As a cartoonist, Deinboll was known for the comics Den evige ilds land (The Land of Eternal Fire, 1936–1937) and Petter Framgutt (1938). Both series were published as weekly full-page works in the magazine Arbeidermagasinet.

==Work with Arbeidermagasinet==
Tore Deinboll and Trygve Mosebekk soon became aware of opportunities to contribute to Arbeidermagasinet. Their drawings commissioned for newspapers and Christmas editions were not only an artistic challenge, but also a vital source of income. Deinboll had close contact with the first editor of Arbeidermagasinet, the author and journalist Otto Luihn.
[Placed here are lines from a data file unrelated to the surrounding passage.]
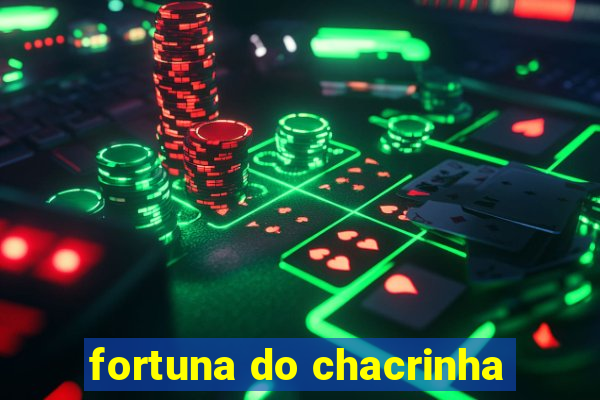 fortuna do chacrinha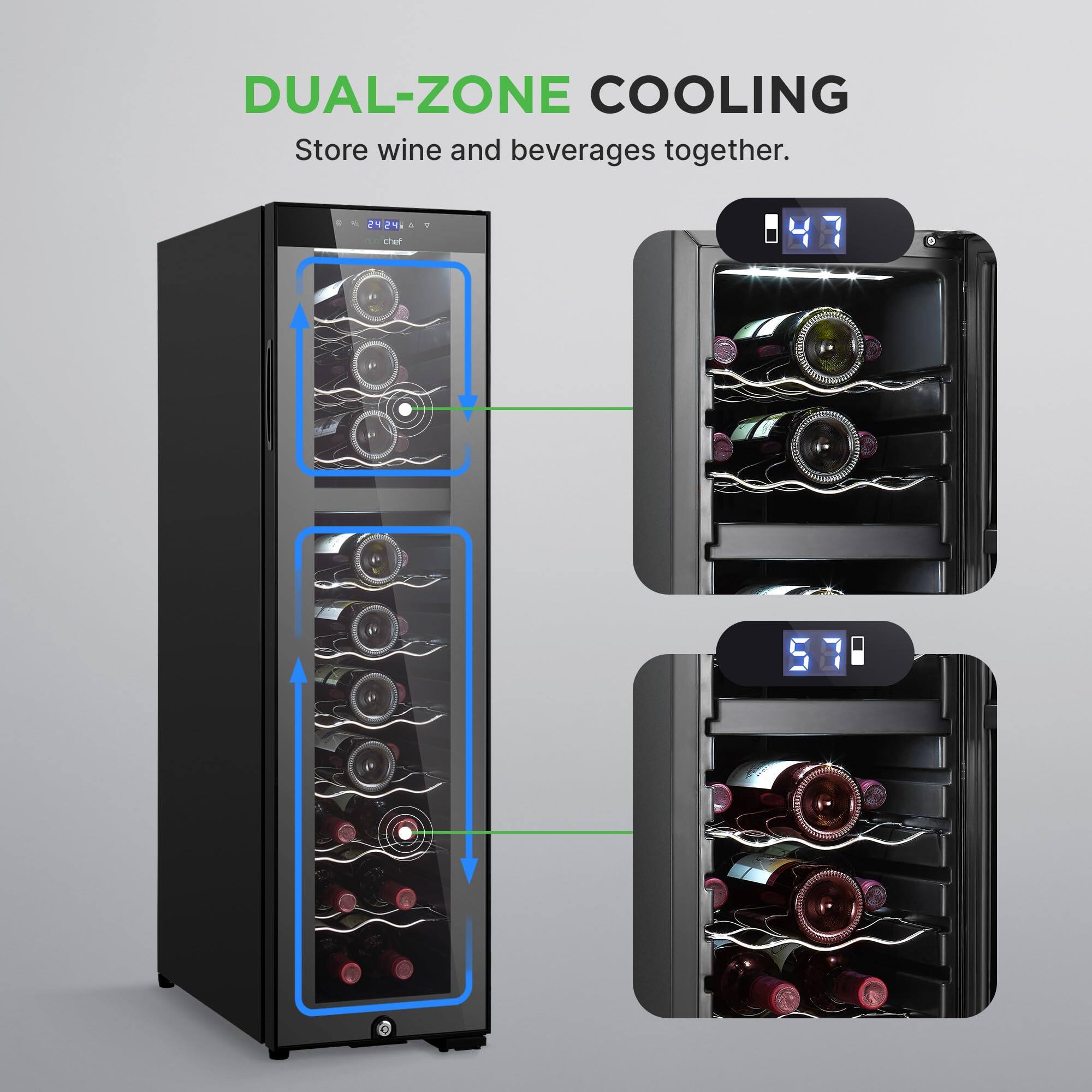 DUAL-ZONE COOLING  
Store wine and beverages together.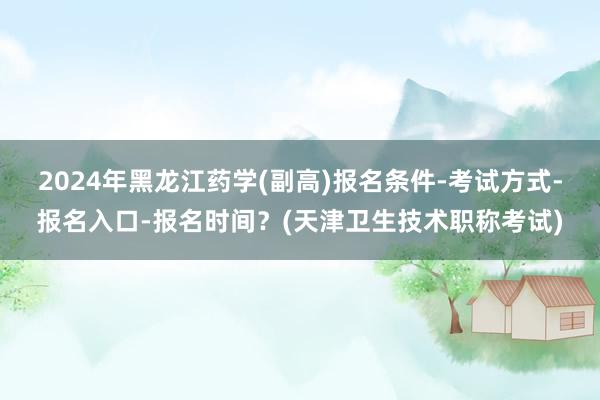 2024年黑龙江药学(副高)报名条件-考试方式-报名入口-报名时间？(天津卫生技术职称考试)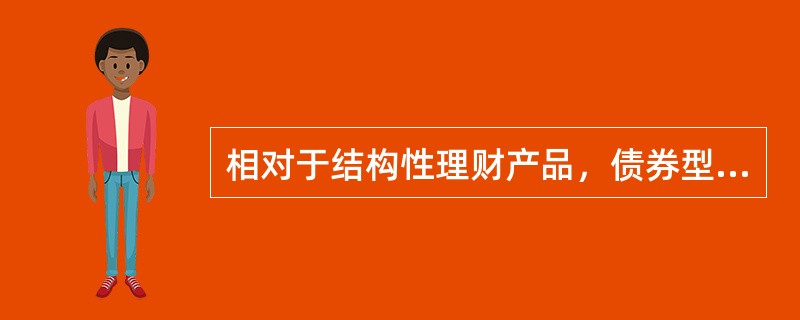 相对于结构性理财产品，债券型理财产品的优点有(　　)。
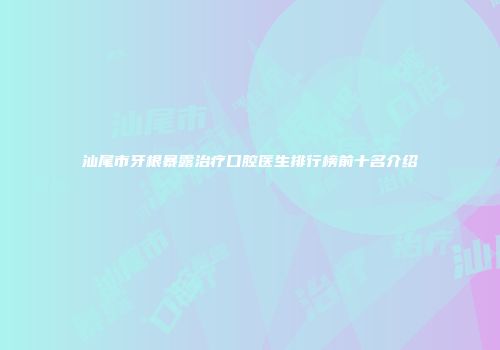 汕尾市牙根暴露治疗口腔医生排行榜前十名介绍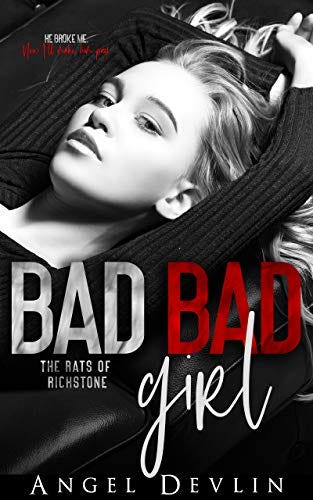 Bad Bad Girl by Angel Devlin | Goodreads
Through the commissions that Deinboll received from Luihn for Arbeidermagasinet, his drawing gradually adopted an ideological orientation. This eventually resulted in Deinboll endorsing "social art". Art was often associated with the upper class, but Deinboll's choice of "social art" meant that the artist participated in the struggle of the working class. The big money was in the upper class, and so such a choice was ideologically justified. Deinboll therefore considered his effort to create illustrations for Arbeidermagasinet to be his life task, and this was the main artistic work for which he is also remembered.